In England I worked on this principle and refused even the voluntary collections they made. Mr. Sturdy, being a rich man, bore the major part of the expenses of lecturing in big halls--the rest I bore. It worked well.
Again, to use rather a vulgar illustration, even in religion there is no use overstocking the market. The supply must follow the demand, and the demand alone. If people want me, they will get up lectures. I need not bother myself about these things. If you think after consultation with Mrs. Adams and Miss Locke that it would be practicable for me to come to Chicago for a course of lectures, write to me. Of course the money question should be left entirely out.

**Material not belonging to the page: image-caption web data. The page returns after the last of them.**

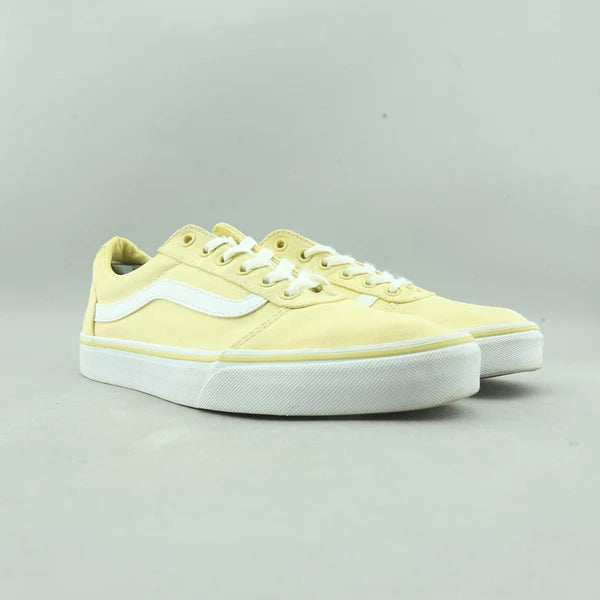Classic Low-Top Sneakers – Pastel Yellow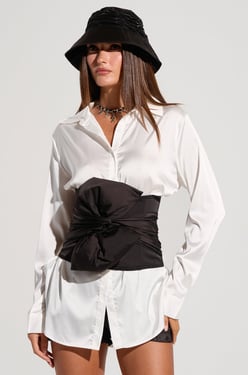 AKIRA Ruched Babe Satin Bucket Hat | Black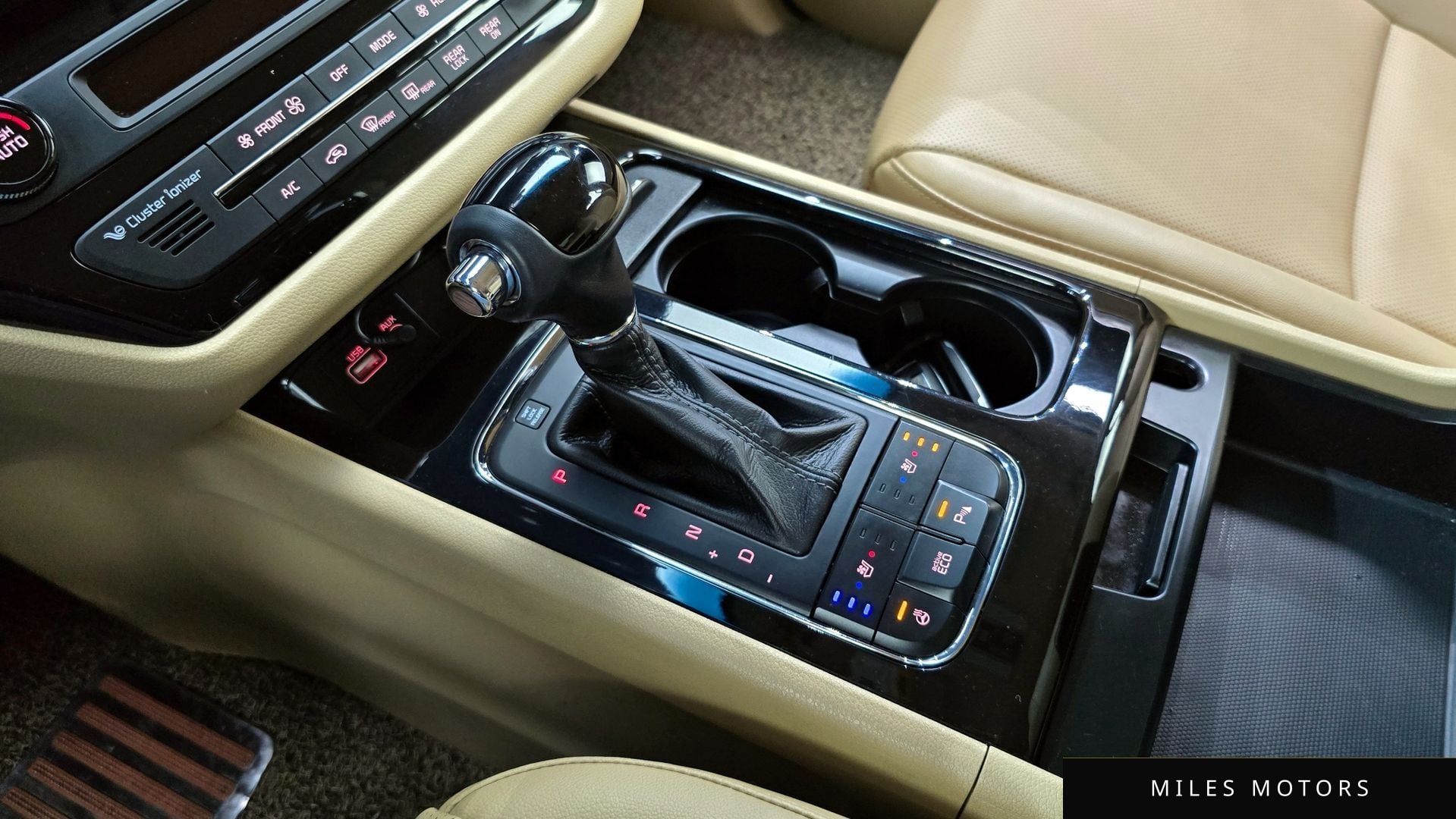 Kia Canival 2016 — миниатюра 12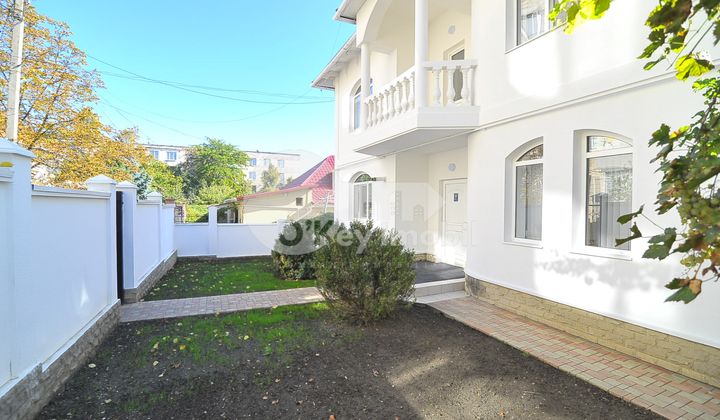 Дом, Центр, НУКАРИЛОР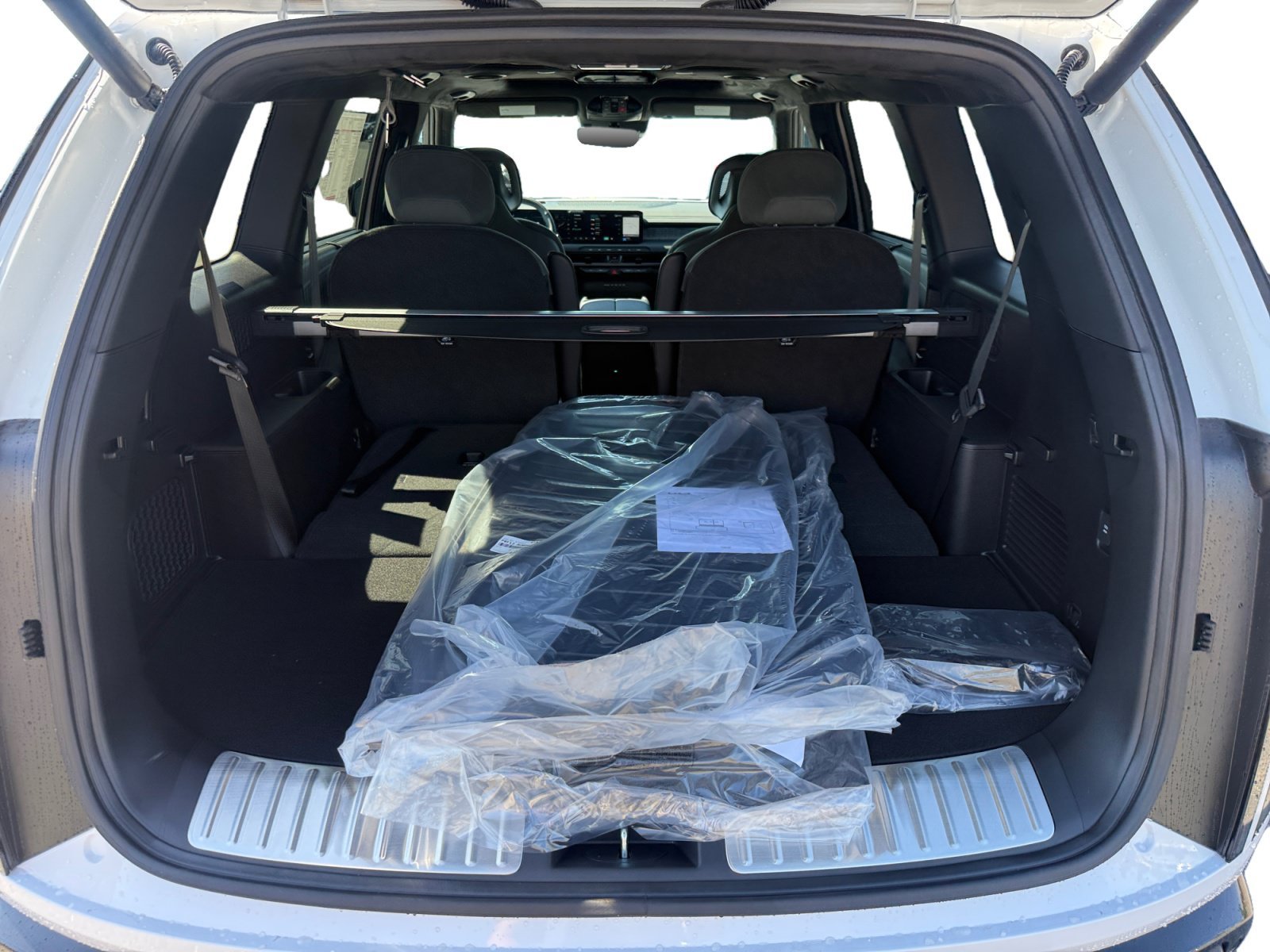New 2027 Glacial White Pearl Kia X-Line SX-Prestige image 17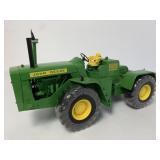 1/16 Ertl John Deere 8020 4WD Tractor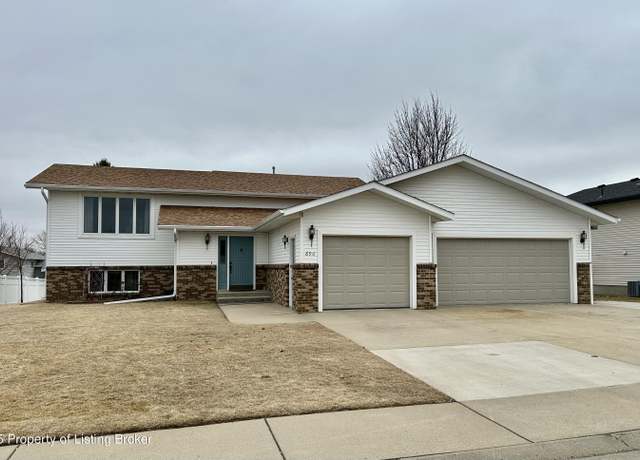 Property at 896 19th St E, Dickinson, ND 58601, 4 beds, 3.5 baths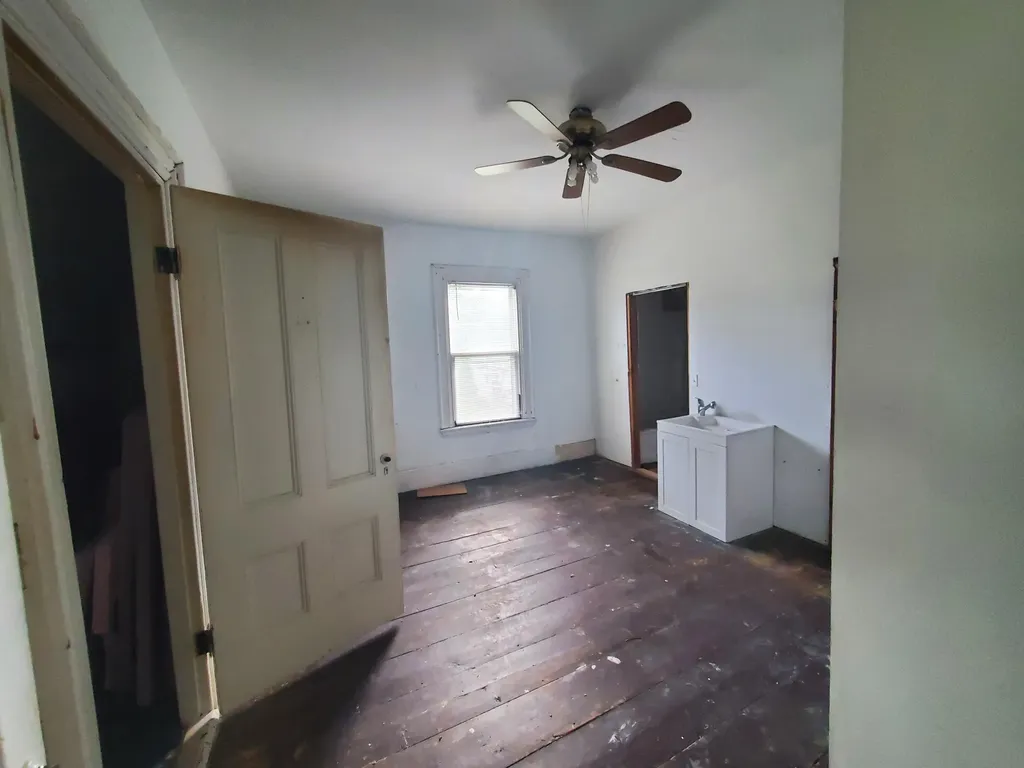 319 Enfield Road Lincoln ME 04457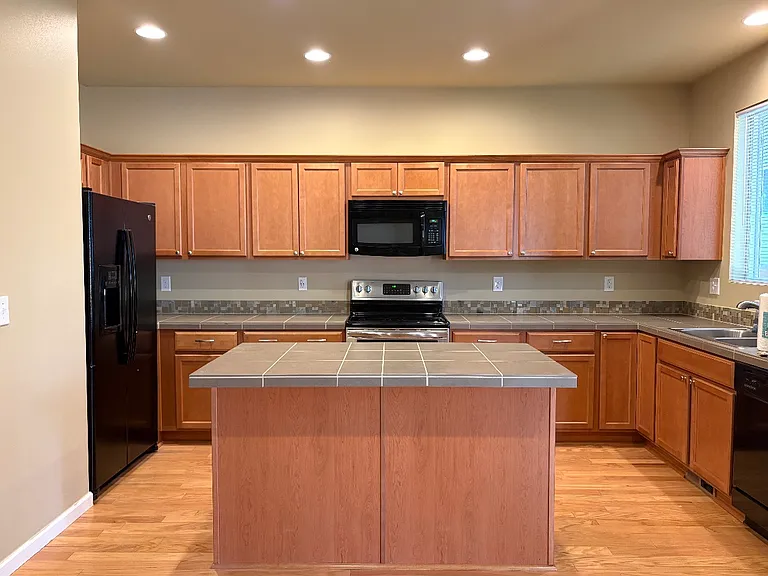 1603 W Smith Ct — Photo 3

My idea is for autonomic, independent groups in different places. Let them work on their own account and do the best they can. As for myself, I do not want to entangle myself in any organisation. Hoping you are enjoying good health both physically and mentally,
I am yours, in the Lord,
To Mr. E.T. Sturdy
228 WEST 39TH STREET,
8th December, 1895.
After ten days of a most tedious and rough voyage I safely arrived in New York. My friends had already engaged some rooms at the above where I am living now and intend to hold classes ere long. In the meanwhile the Theosophists have been alarmed very much and are trying their best to hurt me; but they and their followers are of no consequence whatever.
I went to see Mrs. Leggett and other friends, and they are as kind and enthusiastic as ever.
Did you hear anything from India about the coming Sannyasin?
I will write later fuller particulars of the work here.
Kindly convey my best love to Miss Müller and to Mrs. Sturdy and all the other friends and kiss baby for me.